C’est ainsi d’abord comme un « registre », une « nomenclature » que la culture nous est décrite. Celle-ci, dans l’économie conceptuelle de Dubuffet, est opposée à un réel décrit comme continu : « L’univers est continu et procède en tous points d’une même farine.[3] » En catégorisant le réel, la culture segmente celui-ci. Ce premier point permet déjà de mieux comprendre ce qu’il peut y avoir d’asphyxiant dans la culture : en fixant des catégories qui s’imposent à nos perceptions, elle opère toute une série de restrictions, nous conduisant à voir certaines choses et non d’autres. Ces restrictions fonctionnent comme une sélection a priori de ce qui dans le réel peut être perçu et donc pensé[4]. La culture modèle ainsi notre appréhension du monde autant que notre compréhension de lui.
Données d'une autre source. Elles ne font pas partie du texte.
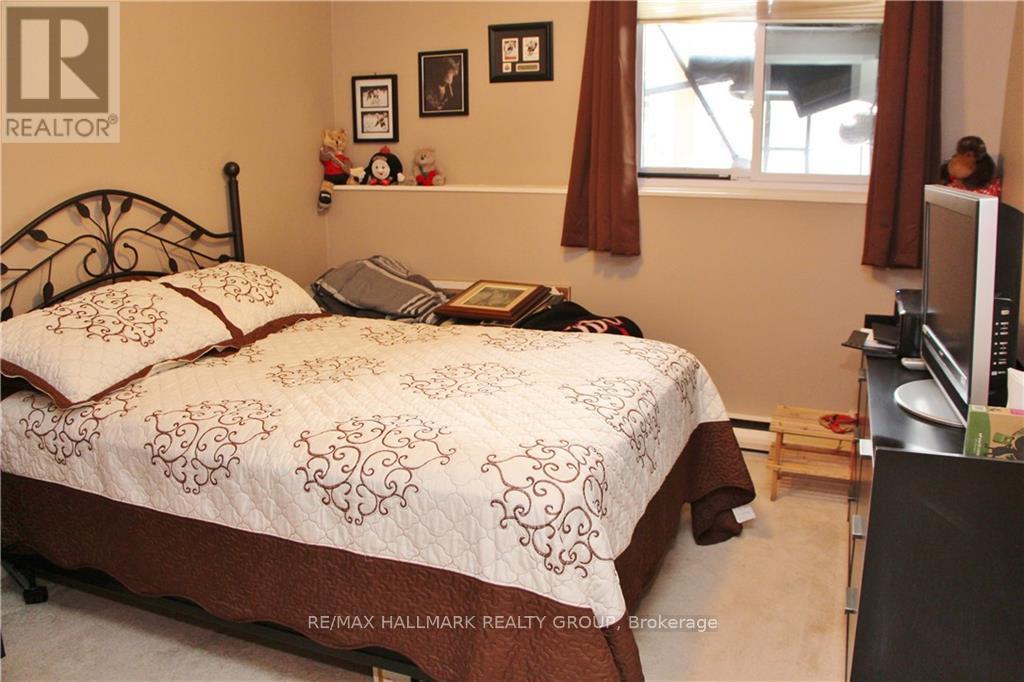 4 - 14 Sweetbriar Circle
Jean Dubuffet retrouve ici les conclusions de la sociologie quant à la notion de catégories, ces « lunettes » dont parle Pierre Bourdieu[5], lunettes qui sont aussi des œillères. Sans doute est-ce d’ailleurs là autant un problème pour Dubuffet et sa négativité que la culture fasse voir certaines choses et qu’elle en masque une infinité d’autres. Nous trouvons des propos similaires dans Bâton rompus qui permettront de préciser un peu les choses. Tandis qu’on lui demande ce qu’il entend par le terme d’« optique »[6] et s’il entend par là une « vision du monde », Dubuffet répond :

 

« C’est la grille pour le regarder. Le regard que nous portons sur toute chose – tant sur les spectacles offerts à nos yeux qu’en toutes nos humeurs et jugements – s’exerce au travers d’une grille ; c’est celle du conditionnement qui nous a été dès la première enfance insufflé. On ne peut concevoir de regard sans une grille ; j’entends par là un appareil de clefs et références délivrant interprétation. Il n’est pas de regard sans un système d’interprétation ; regarder est interpréter. C’est de nouvelles grilles que je suis en quête, et je les voudrais très différentes.[7] »

 

La métaphore de la grille est à elle seule éloquente, elle signifie nettement l’enfermement. D’autant que celle-ci est imposée sans consentement, avant même que celui-ci ne soit possible, lors de l’enfance. Pour Dubuffet, la culture ne se sépare pas de nos perceptions ordinaires, elle n’est pas un supplément qui s’ajouterait à celles-ci, les compléterait ou les contredirait. À rebours des discours opposant culture et ignorance, Dubuffet affirme le caractère continu de la culture ; le regard le plus naïf comme le plus cultivé sont tout autant imprégnés de culture : « L’homme sans culture – intégralement asocial donc –, il est bien entendu qu’il n’existe pas. C’est une vue de l’esprit.[8] » C’est pourquoi il écrit également qu’il ne faut pas parler de culture, mais « d’enculturation[9] », terme qui fait davantage sentir que la culture agit sur les individus, entre en eux et les conditionne. Il n’y a pas d’innocence du regard. Regarder, c’est déjà interpréter selon les modalités fixées par avance par la culture.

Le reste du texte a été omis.